A trading halt is a temporary suspension of trading in a security, ordered by the listing exchange or regulator, that prevents orders from executing for a fixed period ranging from five minutes to multiple trading days.

What Is a Trading Halt?

A trading halt is an enforced pause in the trading of a specific security on its listing exchange — and on every other US venue, since Regulation NMS requires all exchanges to honor a primary-listing halt. During a halt, no orders execute; existing orders rest in the book but cannot match. Halts exist to give the market time to absorb material information, throttle disorderly price movement, or allow regulators to investigate compliance concerns. They are not delistings — the security remains tradable; trading is simply paused.

How Trading Halts Are Categorized

US exchanges use a standardized halt code system. The most common types:

LULD (Limit Up/Limit Down) — 5-minute volatility halt. Triggered when a stock's price exits a moving band around its reference price. The band width depends on tier and time of day:

  • Tier 1 (S&P 500, Russell 1000, select ETPs) — ±5% band during regular hours
  • Tier 2 (everything else above $3) — ±10% band
  • Stocks under $3 — ±20% band
  • All bands double in the first 15 minutes and last 25 minutes of the session

When the National Best Bid (for downside) or Best Offer (for upside) sits outside the band for 15 consecutive seconds, the security enters a 5-minute halt followed by a re-opening auction.

T1 (News Pending) — voluntary issuer halt. A company requests a halt to disseminate material news (earnings, M&A, FDA decision, guidance change). Typical duration: 30 minutes to 2 hours.

M (Volatility Pause) — market-wide circuit breaker. Triggered by SPX declines of 7% (Level 1), 13% (Level 2) → 15-minute halts, or 20% (Level 3) → close for the day.

T12 / H10 (Regulatory) — SEC or exchange concern. Can last 10 trading days under SEC authority, longer if extended.

Worked Example

GME on January 28, 2021, during the short squeeze peak:

  • 09:30 ET — Opens at $265 after closing $193.60 the prior session
  • 09:32 ET — LULD halt (up) as price prints $483
  • 09:37 ET — Resumes via auction at $467
  • 10:14 ET — LULD halt (down) at $112 after gap-fill
  • Resumption auctions continue through the session

The stock was halted nine times intraday under LULD rules.
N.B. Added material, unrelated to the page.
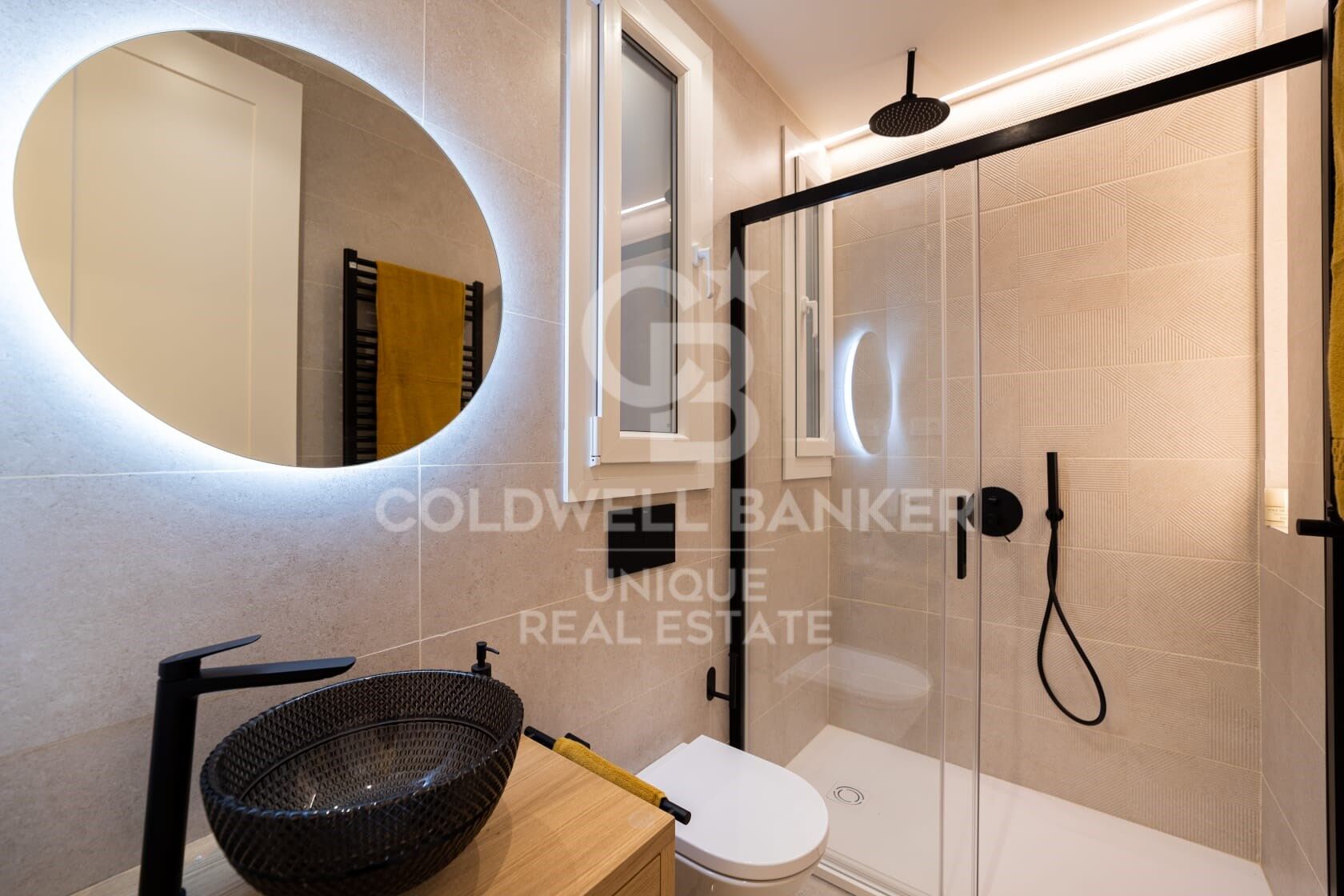 Renovated exterior flat in Castellana, Madrid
Each 5-minute halt produced a resumption auction that opened with a $20-$40 gap. Stops resting in the order book did not execute during the halts but cleared aggressively at the resumption print, locking in worst-case fills for stops set during the prior trading band.

When Traders Account for Halts

Active traders use halt awareness for three purposes: (1) risk management — reducing or flattening exposure when LULD bands are tight and price is approaching the edge, (2) catalyst trading — recognizing that biotech and small-cap names frequently halt for news and that resumption prices can gap 20-50% on FDA decisions or earnings, (3) execution timing — avoiding new stop-loss orders directly underneath LULD downside bands, where forced auction fills produce worse prices than the band itself.

Options markets follow underlying halts: when a stock is halted, its listed options are halted too, freezing implied volatility marks at the pre-halt level.

Limitations and Common Misconceptions

Three common misconceptions cause real losses. Stops do not protect during halts. A stop-loss order rests in the book unfilled during the halt and may execute at the resumption auction price — frequently many points worse than the stop level. Limit orders may not protect either. Re-opening auctions print at a single clearing price; a limit buy at $100 will fill at the auction print if that print is at or below $100, even if the auction prints far below the limit on a downside re-open. Halts are not predictable from price action alone. LULD bands are calculable, but news-driven T1 halts arrive without warning and frequently resume with multi-standard-deviation gaps.

Trading halt logs are public — Nasdaq Trader and OTC Markets both publish real-time halt feeds with reason codes.